ASSIGNED TASK: Print nothing except the line holding "bathroom featuring tile" and the lines that come after it in the material below, and leave the pictures out.

INFORMATION SHOWN:
• • • • • • •

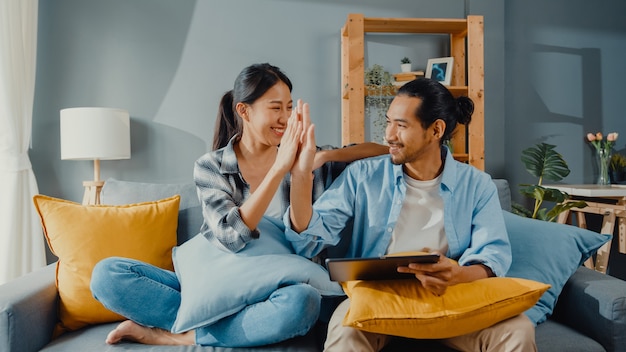 Happy asian young attractive couple man and woman sit on couch use tablet for shopping online furniture in new house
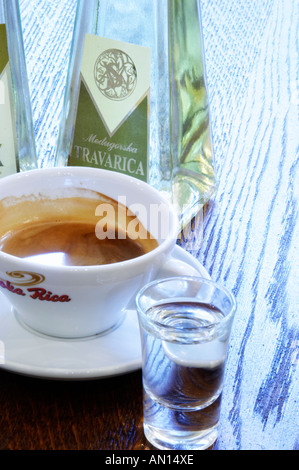 Triangular pyramid shaped Bottles of Travarica rakija grappa type grape spirit, a cup of espresso coffee and a glass of digestif alcohol. In the restaurant and wine bar at the winery. Podrum Vinoteka Sivric winery, Citluk, near Mostar. Federation Bosne i Hercegovine. Bosnia Herzegovina, Europe. Stock Photo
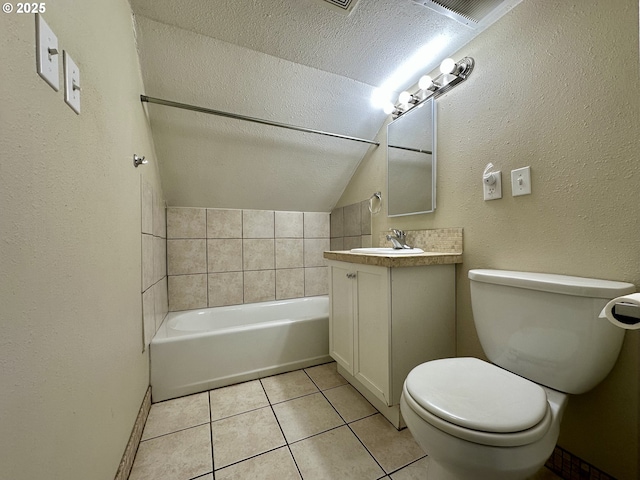 bathroom featuring tile patterned flooring, vanity, a textured ceiling, a tub, and toilet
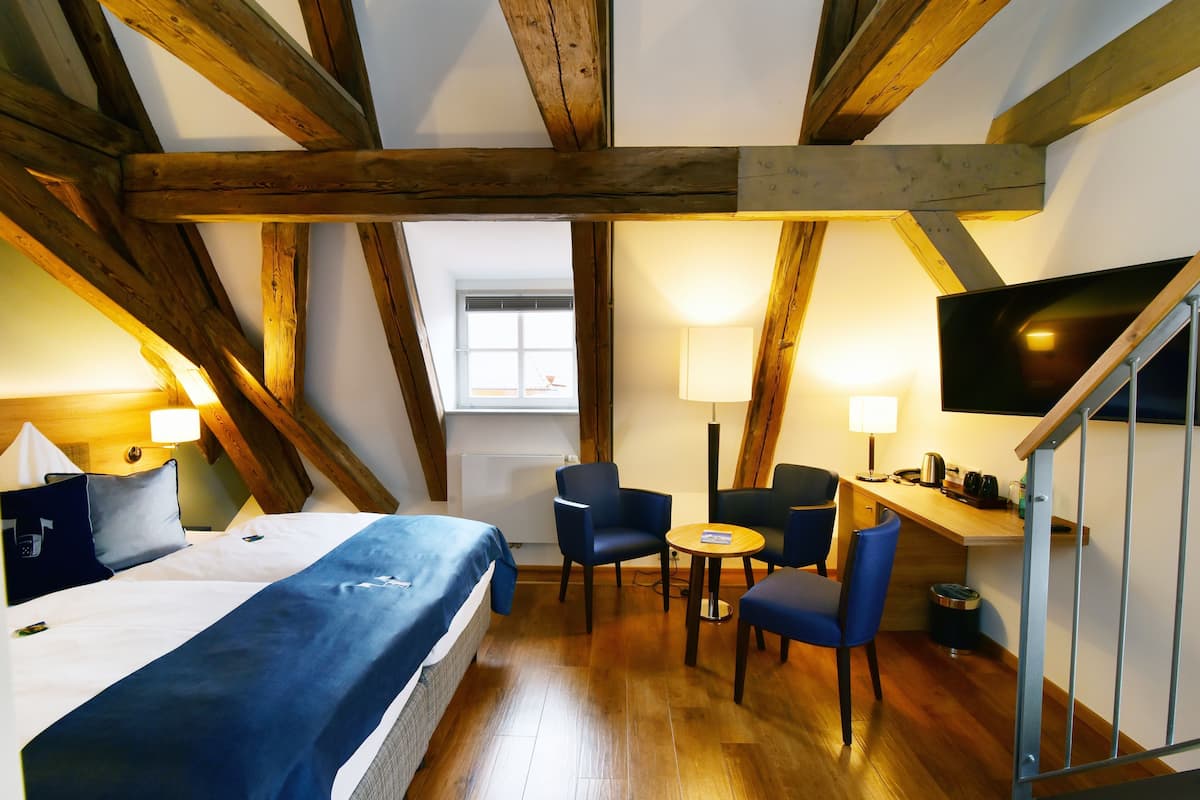 A room with a bed, two chairs, a desk, a TV, and wooden beams.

• • • • • • •

COMPLETED EXERCISE:
 bathroom featuring tile patterned flooring, vanity, a textured ceiling, a tub, and toilet
 A room with a bed, two chairs, a desk, a TV, and wooden beams.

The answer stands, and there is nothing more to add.